George Robertson (c.1750–1832) was a Scottish topographical, agricultural and genealogical writer.

==Life==
Born in Midlothian about 1750, Robertson occupied a farm at Granton, near Edinburgh, for many years. He was active in agricultural affairs in various parts of Scotland, from 1765 until shortly before his death.

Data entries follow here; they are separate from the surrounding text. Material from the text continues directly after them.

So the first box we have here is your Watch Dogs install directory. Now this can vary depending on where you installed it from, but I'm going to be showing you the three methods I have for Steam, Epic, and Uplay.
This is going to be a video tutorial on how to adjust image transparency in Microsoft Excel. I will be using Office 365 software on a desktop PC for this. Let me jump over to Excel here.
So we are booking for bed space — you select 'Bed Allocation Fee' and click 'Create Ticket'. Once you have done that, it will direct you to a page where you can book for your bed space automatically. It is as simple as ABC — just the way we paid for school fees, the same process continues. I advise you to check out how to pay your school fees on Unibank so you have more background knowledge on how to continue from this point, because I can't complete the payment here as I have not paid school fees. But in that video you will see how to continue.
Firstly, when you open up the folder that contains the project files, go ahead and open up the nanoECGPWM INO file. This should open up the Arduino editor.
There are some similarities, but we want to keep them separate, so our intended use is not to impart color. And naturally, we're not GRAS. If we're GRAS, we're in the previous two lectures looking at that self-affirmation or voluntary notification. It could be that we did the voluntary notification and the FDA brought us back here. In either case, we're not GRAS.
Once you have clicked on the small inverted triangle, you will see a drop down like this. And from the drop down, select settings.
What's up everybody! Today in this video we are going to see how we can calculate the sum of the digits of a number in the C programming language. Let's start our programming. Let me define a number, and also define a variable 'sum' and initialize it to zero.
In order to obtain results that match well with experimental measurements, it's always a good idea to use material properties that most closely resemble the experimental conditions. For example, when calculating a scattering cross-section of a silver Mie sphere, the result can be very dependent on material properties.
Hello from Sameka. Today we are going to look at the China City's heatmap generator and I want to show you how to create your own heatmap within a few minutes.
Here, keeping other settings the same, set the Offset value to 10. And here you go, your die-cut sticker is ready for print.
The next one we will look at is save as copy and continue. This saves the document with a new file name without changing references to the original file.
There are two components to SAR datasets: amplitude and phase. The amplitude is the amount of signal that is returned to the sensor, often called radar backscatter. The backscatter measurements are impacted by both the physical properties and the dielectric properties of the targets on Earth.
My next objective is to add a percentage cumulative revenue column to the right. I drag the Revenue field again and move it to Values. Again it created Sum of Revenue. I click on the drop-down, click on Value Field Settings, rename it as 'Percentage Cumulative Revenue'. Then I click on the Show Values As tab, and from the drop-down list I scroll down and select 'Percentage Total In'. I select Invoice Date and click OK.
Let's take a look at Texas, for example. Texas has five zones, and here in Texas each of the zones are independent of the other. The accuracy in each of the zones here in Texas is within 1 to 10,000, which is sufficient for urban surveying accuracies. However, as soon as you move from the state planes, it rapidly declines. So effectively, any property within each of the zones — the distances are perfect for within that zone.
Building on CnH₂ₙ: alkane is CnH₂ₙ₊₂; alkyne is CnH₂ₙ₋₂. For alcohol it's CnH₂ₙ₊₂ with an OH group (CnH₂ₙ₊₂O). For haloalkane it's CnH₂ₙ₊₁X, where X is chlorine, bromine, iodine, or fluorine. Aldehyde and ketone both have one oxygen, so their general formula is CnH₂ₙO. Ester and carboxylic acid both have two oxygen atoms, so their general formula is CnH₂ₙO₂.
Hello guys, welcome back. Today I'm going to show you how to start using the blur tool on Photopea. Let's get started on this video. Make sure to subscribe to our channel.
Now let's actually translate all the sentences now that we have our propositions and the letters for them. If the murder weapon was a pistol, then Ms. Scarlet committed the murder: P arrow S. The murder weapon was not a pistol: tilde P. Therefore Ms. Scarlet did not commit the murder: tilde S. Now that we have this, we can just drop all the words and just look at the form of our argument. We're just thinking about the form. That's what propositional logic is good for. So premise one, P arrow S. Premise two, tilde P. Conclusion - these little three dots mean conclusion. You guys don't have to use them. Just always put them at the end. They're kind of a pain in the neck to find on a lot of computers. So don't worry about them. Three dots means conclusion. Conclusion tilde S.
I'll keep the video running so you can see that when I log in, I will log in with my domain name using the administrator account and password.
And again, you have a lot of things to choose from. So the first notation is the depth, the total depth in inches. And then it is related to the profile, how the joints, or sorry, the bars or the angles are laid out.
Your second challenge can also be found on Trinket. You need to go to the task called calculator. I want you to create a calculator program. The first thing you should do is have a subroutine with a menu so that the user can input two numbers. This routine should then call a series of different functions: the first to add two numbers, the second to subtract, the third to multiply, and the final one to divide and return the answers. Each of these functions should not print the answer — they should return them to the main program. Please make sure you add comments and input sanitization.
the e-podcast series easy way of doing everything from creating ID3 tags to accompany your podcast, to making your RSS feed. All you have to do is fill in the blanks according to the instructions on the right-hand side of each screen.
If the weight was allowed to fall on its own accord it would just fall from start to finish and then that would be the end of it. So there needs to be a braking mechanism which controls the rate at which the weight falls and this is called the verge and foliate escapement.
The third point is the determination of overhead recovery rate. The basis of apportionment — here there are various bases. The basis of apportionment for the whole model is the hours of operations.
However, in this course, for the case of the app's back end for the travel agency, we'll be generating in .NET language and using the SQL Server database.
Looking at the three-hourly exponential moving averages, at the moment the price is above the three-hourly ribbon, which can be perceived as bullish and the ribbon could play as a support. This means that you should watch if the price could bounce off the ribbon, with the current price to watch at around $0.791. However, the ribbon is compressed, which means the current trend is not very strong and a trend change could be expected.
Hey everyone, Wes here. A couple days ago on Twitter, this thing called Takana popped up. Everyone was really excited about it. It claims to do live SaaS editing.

Robertson moved from Granton to Kincardineshire in 1800, and then to Ayrshire in June 1811. In later life he concentrated on genealogical investigations, working in the library at Eglinton Castle and Glasgow libraries. He died at his residence, Bower Lodge, near Irvine, in 1832.

==Works==
Robertson's major publications were:

- General View of the Agriculture of the County of Midlothian, with Observations on the Means of its Improvement; drawn up for the Consideration of the Board of Agriculture and Internal Improvement, Edinburgh, 1793; London, 1794; Edinburgh, 1795. In 1807, he authored the publication “Rural Recollections” while living in Kincardineshire, providing the best description of the cattle of that historic county during that time period. Two appendices to his earlier Board of Agriculture publications cover dairy and garden management. Also for the Board of Agriculture, in 1813, he sketched the Agriculture of Kincardineshire, or the Mearns.
- Topographical Description of Ayrshire; more particularly of Cunninghame; together with a Genealogical Account of the principal Families in that Bailiwick, Irvine, 1820.
- A Genealogical Account of the Principal Families in Ayrshire, more particularly in Cunninghame, Irvine, 3 vols., 1823; with index and supplement, issued at Irvine, 1827.
- Rural Recollections; or the Progress of Improvement in Agriculture and Rural Affairs, Irvine, 1829. It covered changes in Scottish agriculture and in the condition of agricultural workers, from direct observation; with appendix of "Extracts respecting Manners and Customs".
- A General Description of the Shire of Renfrew (1818, Paisley), including an account of noble families: with a continuation of The Genealogical History of the Royal and Illustrious Family of the Stewarts (1710), of George Crawfurd.

Robertson also contributed to Arthur Young's Annals of Agriculture; and tracts to the Highland Society.